RS transparentthe official blog of the Percussive Arts Society

  • Five Question Friday: Jillian Baxter (Albany State University)

    by Rhythm Scene Staff | Jul 31, 2020

    Jillian BaxterDr. Jillian Baxter serves as Assistant Professor of Music at Albany State University and is a native of North Augusta, S.C. She earned her bachelor’s degree from Middle Tennessee State University, her master’s degree from Belmont University in Nashville Tenn., and her doctorate from the University of Georgia under the direction of Timothy K. Adams. Dr. Baxter began her career as a classical pianist and later added the study of jazz and world music in piano and percussion. In addition to teaching at the college level, she has taught middle school and high school general music, theory, and choir. In her spare time, Dr. Baxter writes motivational literature, percussion music and articles, and enjoys playing freelance and as a church musician.

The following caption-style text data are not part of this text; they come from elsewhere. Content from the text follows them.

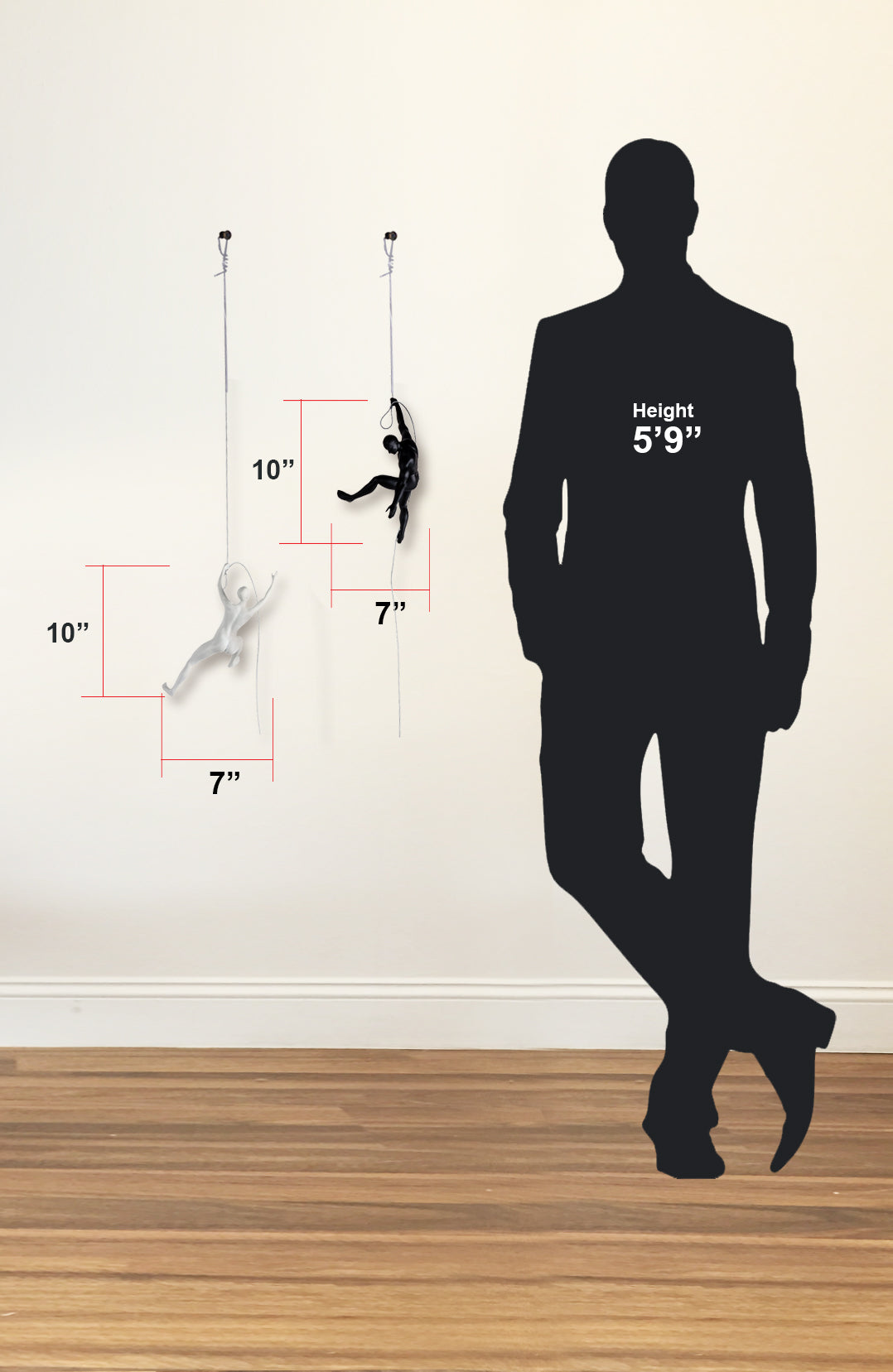 Climbing Couple Set of Two Wall Sculptures - Finesse Decor C-CL-COUPLE-MWNC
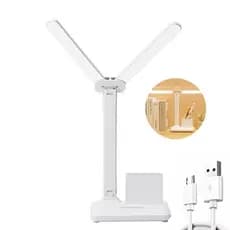 Luminaria de Mesa LED Dobravel 3 Modos Cor Toque Regulavel 127V 220V Porta Canetas Hora Data Escritorio Quarto Infantil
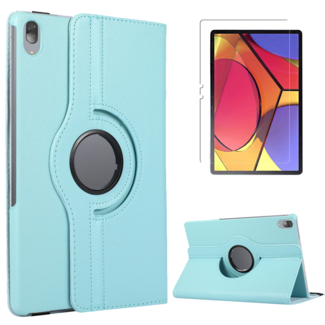 Case2go Case2go - Tablet hoes geschikt voor Lenovo Tab P11 - Draaibare Book Case + Screenprotector - 11 inch - Licht Blauw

    Rhythm! Scene: If you weren't a university percussion professor, what career could you see yourself having pursued?

    Jillian Baxter: I would be a writer, because I love to write short stories and have always thought about writing a book or compilation. I have collections of stories I have written over the years, and maybe one day I will see about getting some of those in circulation. 

    R!S: What's one thing in your institution or city/town (other than your school of music or music department) that you are proud to tell people about?

    JB: At Albany State University, we have a wonderful camaraderie among our divisions and faculty. Within out Visual and Performing Arts Department we actively work together to collaborate and do interdisciplinary events with music, visual arts, theatre, and dance all the time. We like to have students be well-rounded in the arts!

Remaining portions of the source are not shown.